Mr. Rushdie speaks from experience. In 1988 his novel The Satanic Verses, an Indian soap opera with a mystical subplot, pissed off the Ayatollah Khomeini. The Supreme Leader of Iran, after reading Rushdie’s book, decided it was offensive to Islam. It wasn’t, but no one argues with a dude who’s got “Supreme Leader” in his job description. Instead of just returning the novel to his local bookstore, Khomeini issued a fatwa, i.e., an old-fashioned religious hit on Rushdie’s life. The author was forced to go into hiding for a decade until the heat died down.   

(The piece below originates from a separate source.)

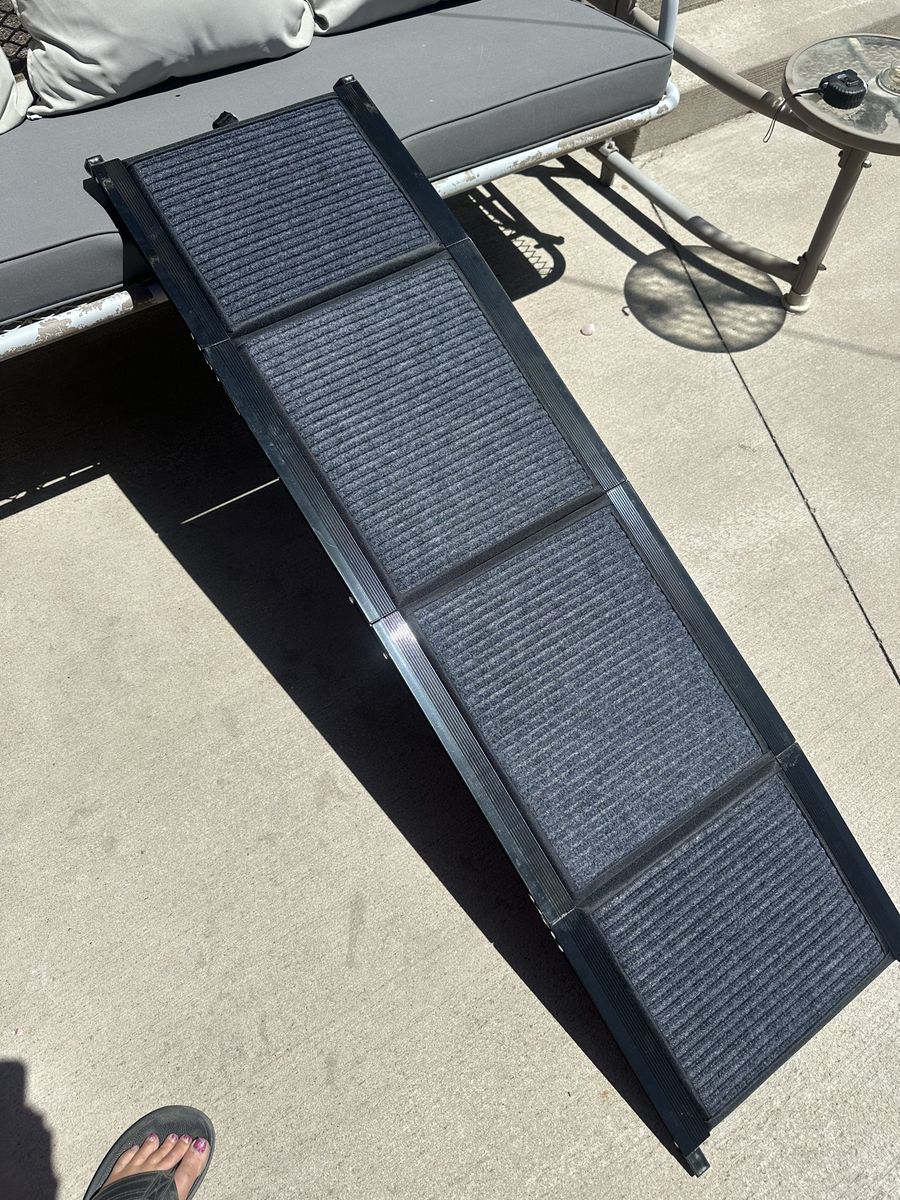 Main image 6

Ten years. Over a bad book review from a religious extremist. Was the world a nutty place in the ’80s or what? Unfortunately, same shit, different decade. Today ISIS, al-Qaeda and its offshoots (the Khorasan Group, al- Qaeda in Yemen, al-Nusra, Abdullah Azzam Brigades), all organizations with thousands of gun-toting, fanatical members, are actively attempting to destroy America. We are the enemy: tolerant, alcohol-guzzling freedom lovers who prefer women in bikinis over burkas.

At the moment it’s the Islamist extremists who are getting the most news coverage, especially since the Charlie Hebdo terrorist attack in France, but crazy is nondenominational. Sadly, there are plenty of other organizations, some right here on American soil, which are actively planning to end life as we know it. Here’s a top ten list: 

Mahikari

Started by Japanese World War II lieutenant and minister Yoshikazu Okada in the 1960s, Mahikari boasts over 300,000 members worldwide. The group believes that the “Light of God” is transmitted from the palm of a person’s hand and has devised an incomprehensible series of rituals and prayers to go along with this basic tenet. If you think that sounds harmless enough, they have also been investigated for ties to Aum Shinrikyo (perpetrators of the poison gas attack in the Tokyo subway in 1995), believe the Holocaust was justified and insist that Japanese military aggression during World War II was sanctioned by God. But the group’s main objective isn’t just to be weird; it’s to raise cash.